4 thoughts on “Death of the anime club

  1. I used to go to an anime club, until I’ve seen every episode of everything that they were showing besides dragonballz. They were showing nothing besides those popular but exteremely long shounen series which I wanted to avoid at all costs. They also had a policy to show only shows that were dubbed. Those reasons plus the fact that I wasn’t supposed to talk with me friends during screenings made me stop going.
    I think that an important reason for disliking such an environment is the fact that not everyone will like every show, and people like series on different levels. I’ve never really understood people who would watch something 10 times or wear cat ears because they think it’s cool. When you’re all excited about that new episode of magical index but no one in the room watches it and only want to talk about bleach, it just doesn’t feel right.

  2. While anime might the lure for people to attend an anime club, it usually isn’t the main impetus to keep them coming back. From my few experiences, this mostly came from the community that the club fostered. Since it was a college anime club, that community was easier to maintain than others, to be sure, but if you want to survive, that has to at least take more of a role than the series that you decide to show.

  3. I think it is indeed a real shame for the people who put so much time and energy into the frequent sessions of organising and maintaining that a club requires but I really believe that the internet put an end to it.

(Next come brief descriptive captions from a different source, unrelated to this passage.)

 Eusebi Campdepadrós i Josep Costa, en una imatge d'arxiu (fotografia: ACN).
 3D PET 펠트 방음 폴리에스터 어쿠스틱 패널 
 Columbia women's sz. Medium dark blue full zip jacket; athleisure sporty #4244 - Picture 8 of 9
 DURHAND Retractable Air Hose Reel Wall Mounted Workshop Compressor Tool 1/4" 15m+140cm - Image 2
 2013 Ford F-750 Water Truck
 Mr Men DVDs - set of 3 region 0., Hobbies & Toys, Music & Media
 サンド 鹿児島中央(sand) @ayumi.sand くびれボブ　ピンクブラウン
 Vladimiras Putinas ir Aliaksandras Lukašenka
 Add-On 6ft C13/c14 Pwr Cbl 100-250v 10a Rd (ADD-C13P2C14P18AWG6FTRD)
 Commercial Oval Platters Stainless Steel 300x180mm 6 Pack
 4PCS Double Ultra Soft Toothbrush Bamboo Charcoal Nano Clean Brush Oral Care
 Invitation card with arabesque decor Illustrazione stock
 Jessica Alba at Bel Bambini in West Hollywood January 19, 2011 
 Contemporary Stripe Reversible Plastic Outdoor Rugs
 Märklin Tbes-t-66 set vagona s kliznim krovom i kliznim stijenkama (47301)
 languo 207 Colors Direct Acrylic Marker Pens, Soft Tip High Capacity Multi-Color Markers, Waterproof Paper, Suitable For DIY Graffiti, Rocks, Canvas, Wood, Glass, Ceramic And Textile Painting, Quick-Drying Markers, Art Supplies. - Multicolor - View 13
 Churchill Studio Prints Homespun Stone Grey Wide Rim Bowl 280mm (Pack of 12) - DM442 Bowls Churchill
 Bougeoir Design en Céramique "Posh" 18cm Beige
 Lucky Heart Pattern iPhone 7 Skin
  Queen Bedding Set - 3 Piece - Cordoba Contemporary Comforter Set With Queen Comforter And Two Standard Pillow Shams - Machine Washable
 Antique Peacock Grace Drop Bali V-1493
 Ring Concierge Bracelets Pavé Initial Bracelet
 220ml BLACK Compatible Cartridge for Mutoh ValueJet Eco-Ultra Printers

    It’s like comparing pubs and bars with house parties: cheaper drink in supermarkets, compared with how much more expensive it is to go out, have led to people staying in. It’s convenient, it saves money; just like the way in which online shopping and supermarkets have allegedly killed off town centre commerce.

    You do however miss the atmosphere and social side of things; if people miss this enough, your average pub – or anime club – will continue to offer what the convenient alternatives cannot. I find it interesting that people I know from anime-orientated internet forums do actually meet up IRL; we discuss things online for the most part but every now and then we save up some cash and meet up for a meal, cinema screening or shopping trip. It’s different from the anime clubs that existed a decade ago but we’re still a group of friends who met through a common interest.

    Maybe the internet did kill the anime club, but unless we’re a nation of hikikomori I’d like to think that the clubs, or at the very least the community spirit they represent, are merely evolving to keep with the changing times.